Technical Aspects of Big Data
中文版:大数据技术层面
This lecture covers domain-specific big data applications and the core Hadoop ecosystem for storage, processing, and analytics.
Big Data Applications
Businesses across all industries have benefited from adopting big data solutions.
Cross-Industry Use Cases
| Industry | Application |
|---|---|
| Banking & Securities | Credit/debit card fraud detection, securities fraud warnings, credit risk reporting, customer data analytics |
| Healthcare | Storing patient data and analyzing it to detect medical ailments at an early stage |
| Marketing | Analyzing customer purchase history to reach the right customers for newly launched products |
| Web Analysis | Analyzing social media and search engine data to broadcast advertisements based on user interests |
| Call Centers | Identifying recurring problems and staff behavior patterns by capturing and processing call content |
| Agriculture | Sensors used by biotechnology firms to optimize crop efficiency; big data analyzes sensor data |
| Smartphones | Facial recognition for unlocking phones and retrieving stored information about a person |
Manufacturing Industry
- Machine Diagnosis & Prognosis: Predicting machine performance by analyzing current operating conditions and deviations from normal conditions. Sensors monitor temperature and vibration levels. Diagnostic systems integrate with cloud-based storage and big data analytics backends.
- Risk Analysis of Industrial Operations: Monitoring indoor air quality using gas sensors (CO, NO, NO₂). Big data systems analyze risks and identify hazardous zones.
- Production Planning and Control: Systems measure various production process parameters and control the entire process in real-time using sensors. Big data analyzes this data for planning and identifying potential problems.
Civil Infrastructure
- Structural Health Monitoring: Networks of sensors monitor vibration levels in bridges and buildings. Analyzing this data can detect cracks, locate damages, calculate remaining life, and provide advance warnings of imminent failures.
Transportation & Smart Cities
- Smart Roads: Sensors provide information on driving conditions, travel time estimates, and alerts for poor conditions, traffic congestion, and accidents. Information is communicated via Internet to cloud-based analytics applications and disseminated to drivers.
Healthcare Industry
- Epidemiological Surveillance: Studying distribution and determinants of health-related states in populations. Electronic Health Record (EHR) systems include laboratory results, diagnostic, treatment, and demographic data. Big data frameworks integrate multiple EHR systems for predicting outbreaks, population-level surveillance, disease detection, and public health mapping.
Finance Industry
- Credit Risk Modeling: Scoring credit applications and predicting borrower default. Models are built from credit scores, credit history, account balances, transactions, and spending patterns. Big data systems compute credit risk scores for large numbers of customers regularly.
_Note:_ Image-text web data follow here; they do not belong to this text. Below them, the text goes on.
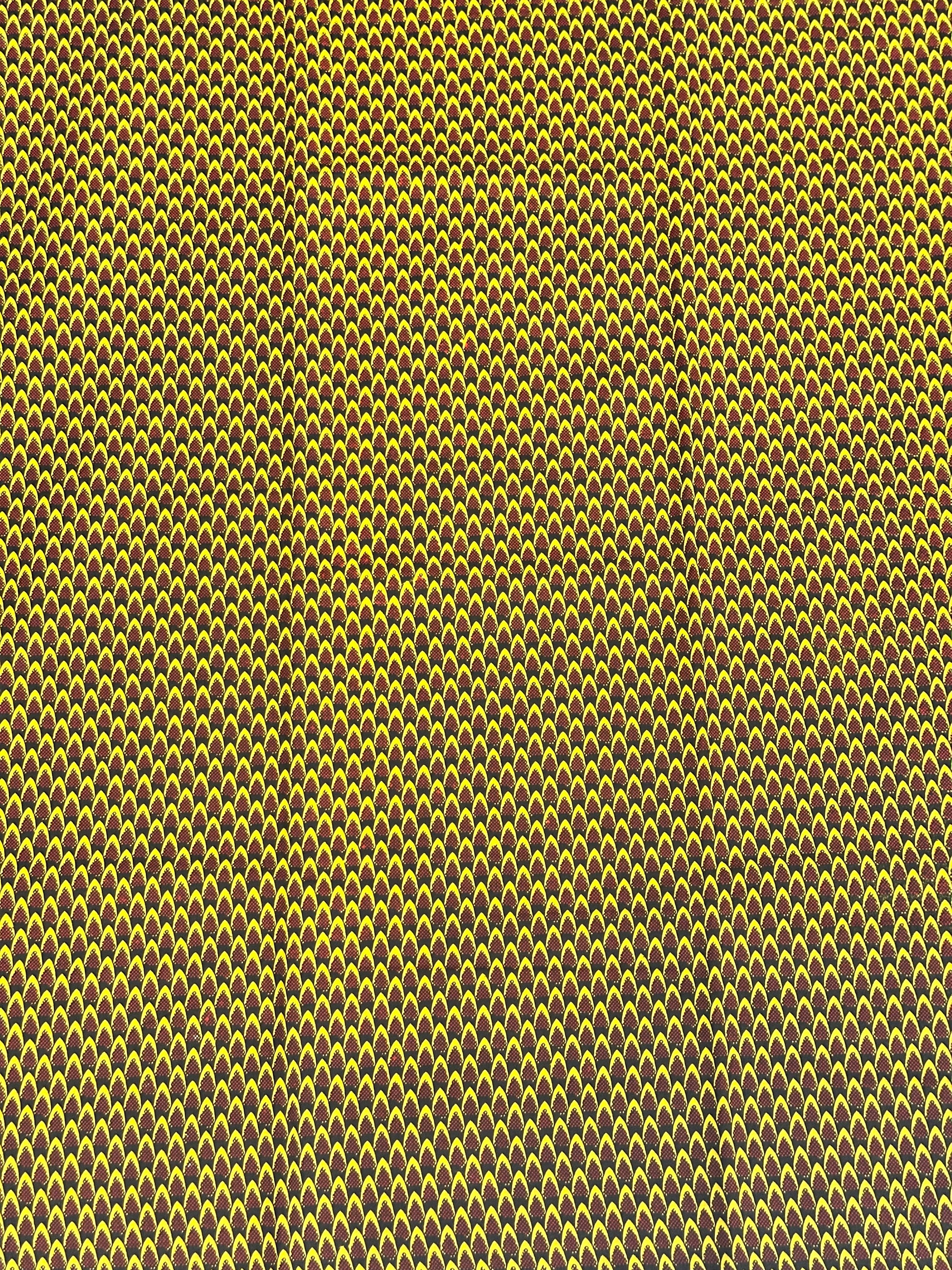 Motivo escamas amarillo y granate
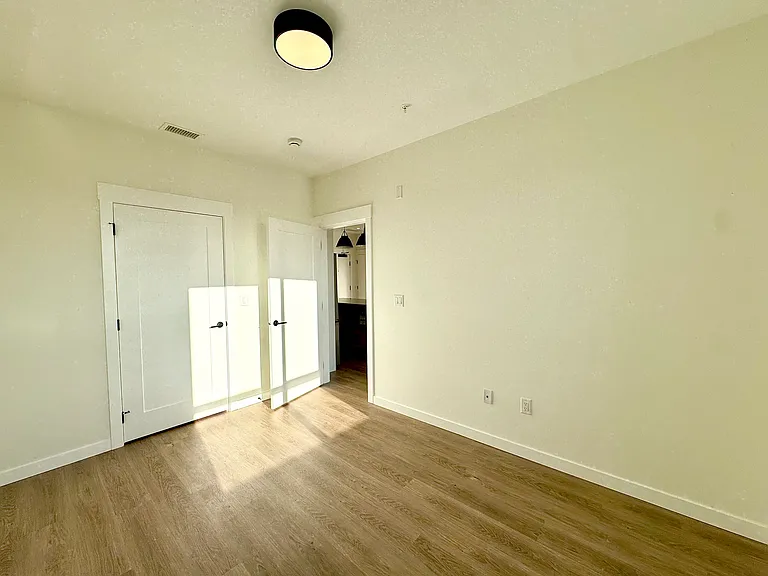 3100 272nd St #607 — Photo 15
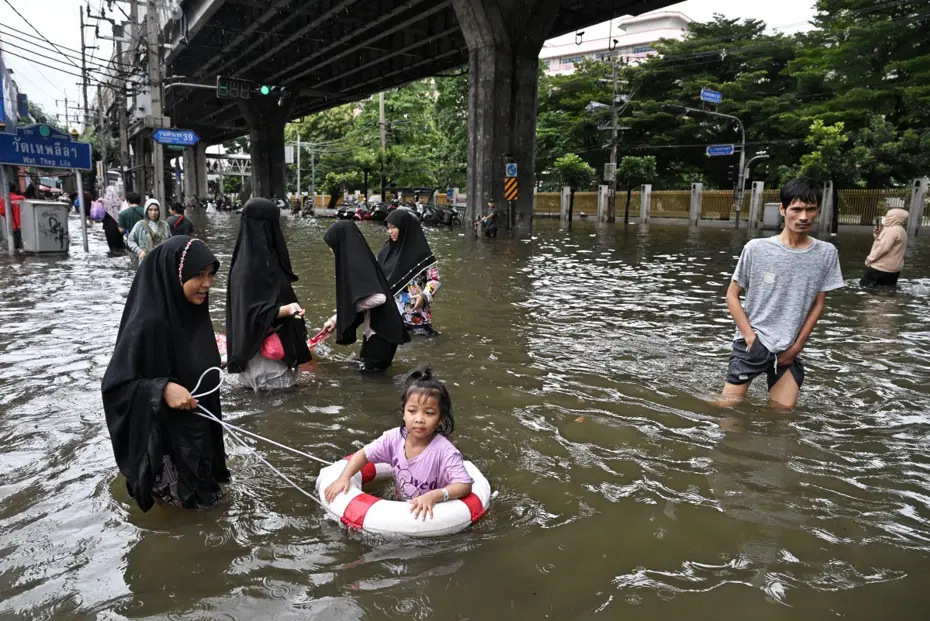 Bangkok'ta seller nedeniyle binlerce kişi tahliye edildi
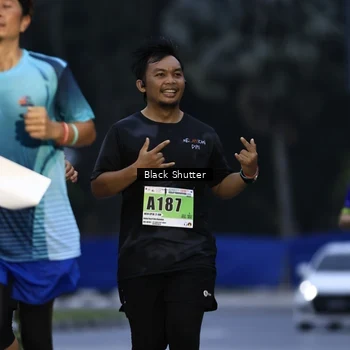 Runner Photo 8860451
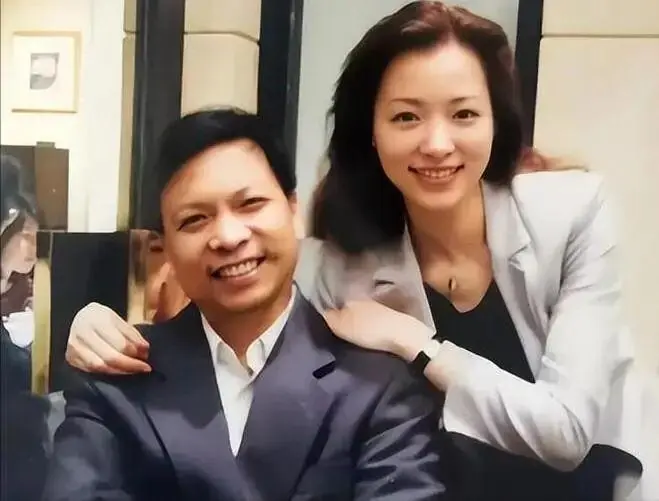 密春雷9亿债务危机4年了，董卿没离婚没落魄，却悄悄布局一盘大棋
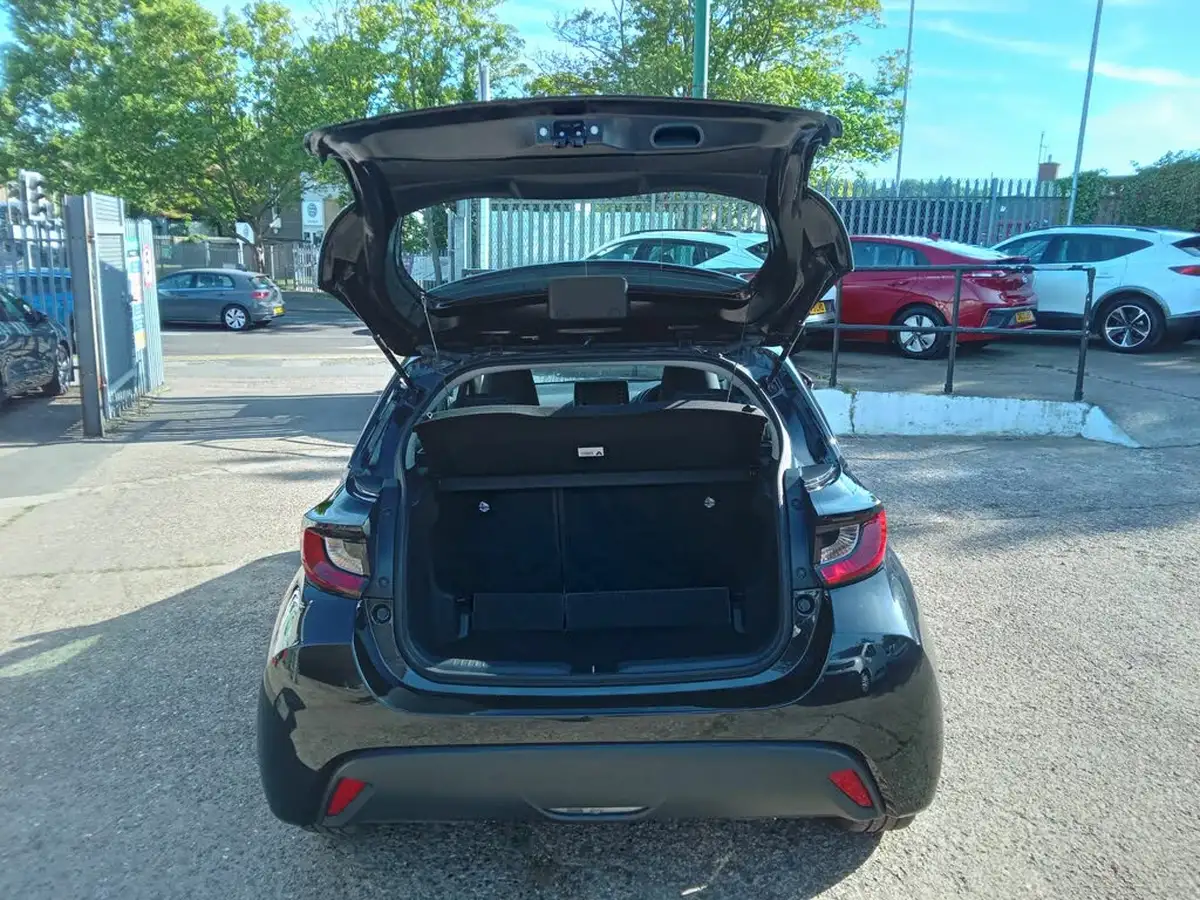 2021-toyota-yaris-15-vvt-i-icon-114bhp-hybrid-1490cc-e-cvt-big-9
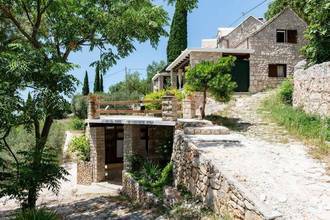 Thumbnail von Mediterranes Steinhaus mit Panorama-Meerblick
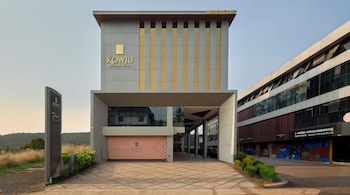 kowju airport hotel calicut
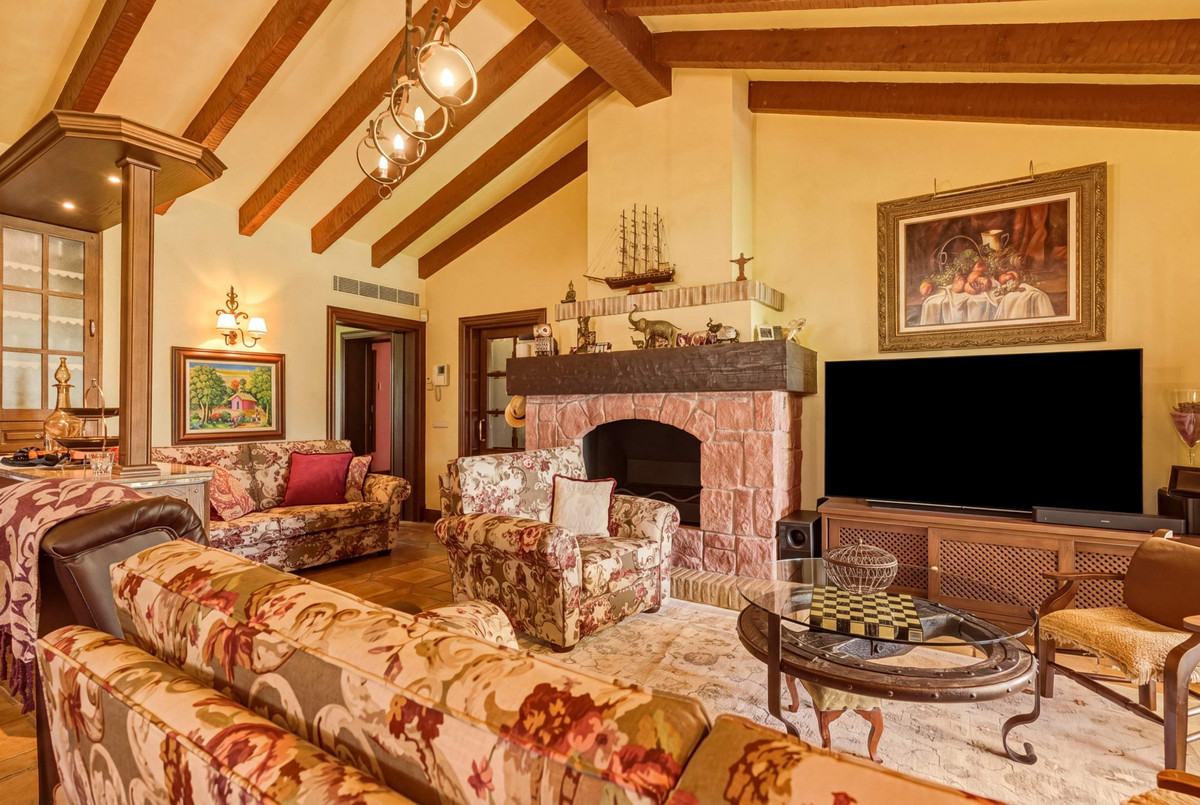 Se vende Villa - Chalet de 6 dormitorios en Costa Del Sol, Málaga, España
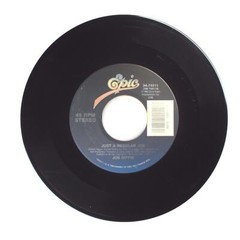 Joe Diffie – Honky Tonk Attitude; Just a Regular Joe – Vinyl Record 45 RPM 7″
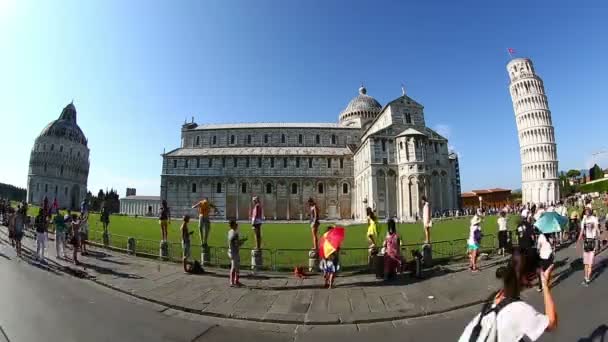 Pisa turm auf dem platz der wunder, torre di pisa auf der piazza dei miracoli — Stockvideo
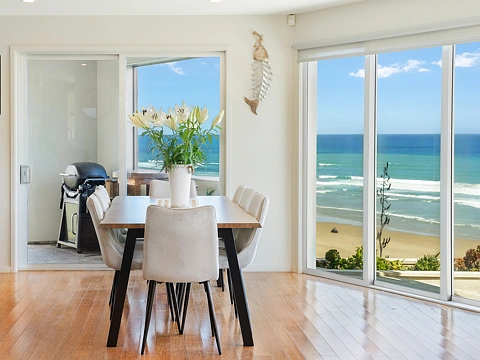 Dargaville Surrounds 5房  **Stunning Coastal Retreat at Baylys Beach**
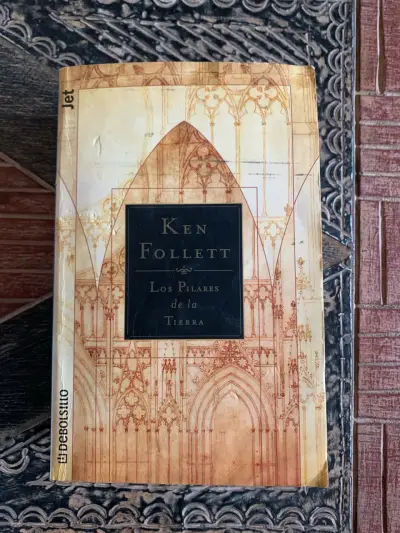 Libro 'Los Pilares de la Tierra' de Ken Follett - miniatura 1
- Fraud Detection: Detecting credit card fraud, money laundering, and insurance claim fraud. Real-time analytics frameworks label transactions in real-time. Machine learning models detect anomalies. Batch analytics searches historical data for fraud patterns.
Digital Marketing
- Content Recommendation: Applications collect user search patterns, browsing history, consumed content, and ratings. Big data systems recommend new content based on user preferences and interests.
Environment
- Weather Monitoring: Sensors collect temperature, humidity, and pressure data and send it to cloud-based applications. Data is analyzed and visualized for monitoring and generating weather alerts.
Big Data Technology
Big Data Technology is a software utility designed to store, process, and analyze extremely complex and large datasets that traditional RDBMS cannot handle. The key technologies include:
- Hadoop
- Hadoop Distributed File System (HDFS)
- MapReduce
- YARN
Apache Hadoop
An open-source framework written in Java that supports processing of large datasets across clusters in a distributed computing environment. It can store structured, semi-structured, and unstructured data in a distributed file system (DFS) and process them in parallel.
Hadoop ecosystem comprises four layers:
| Layer | Components |
|---|---|
| Data Storage | HDFS, HBase |
| Data Processing | MapReduce, YARN |
| Data Access | Hive, Pig, Mahout, SQOOP, Avro |
| Data Management | Flume, Oozie, Chukwa |
HDFS (Hadoop Distributed File System)
- Designed to store large datasets running on low-cost commodity hardware
- Does not require highly reliable expensive hardware
- Data is stored in a write once, read many times pattern
- Not suitable for applications requiring low latency access
- HBase is a suitable alternative for low-latency applications
HBase
- A column-oriented NoSQL database built on top of HDFS
- Horizontally scalable, open-source, distributed
- Does not require any predefined schema
- Supports both structured and unstructured data
- Provides real-time access to data in HDFS
- Supports read and write many times
MapReduce
A batch-processing programming model adopting a divide-and-conquer principle.
- Processes data in a parallel and distributed computing environment
- Supports only batch workloads
- Map task: splits and maps the data
- Reduce task: shuffles and reduces the data
- Not suitable for real-time processing and small data
MapReduce Architecture:
| Phase | Description |
|---|---|
| Input Splits | Input divided into fixed-size pieces |
| Mapping | Counts occurrences and prepares <word, frequency> list |
| Shuffling & Sorting | Consolidates relevant records from mapping output |
| Reducer | Aggregates shuffling output values into single output value |
YARN (Yet Another Resource Negotiator)
Developed to overcome MapReduce architecture drawbacks. Allows using various data processing engines for batch, interactive, and real-time stream processing.
Core Components:
| Component | Role |
|---|---|
| ResourceManager | Allocates cluster resources using Scheduler and ApplicationManager |
| ApplicationMaster | Manages job lifecycle by directing NodeManager to create/destroy containers |
| NodeManager | Manages jobs in a specific node by creating/destroying containers |
Hive
A tool to process structured data in the Hadoop environment. Provides a platform to develop scripts similar to SQL to perform MapReduce operations.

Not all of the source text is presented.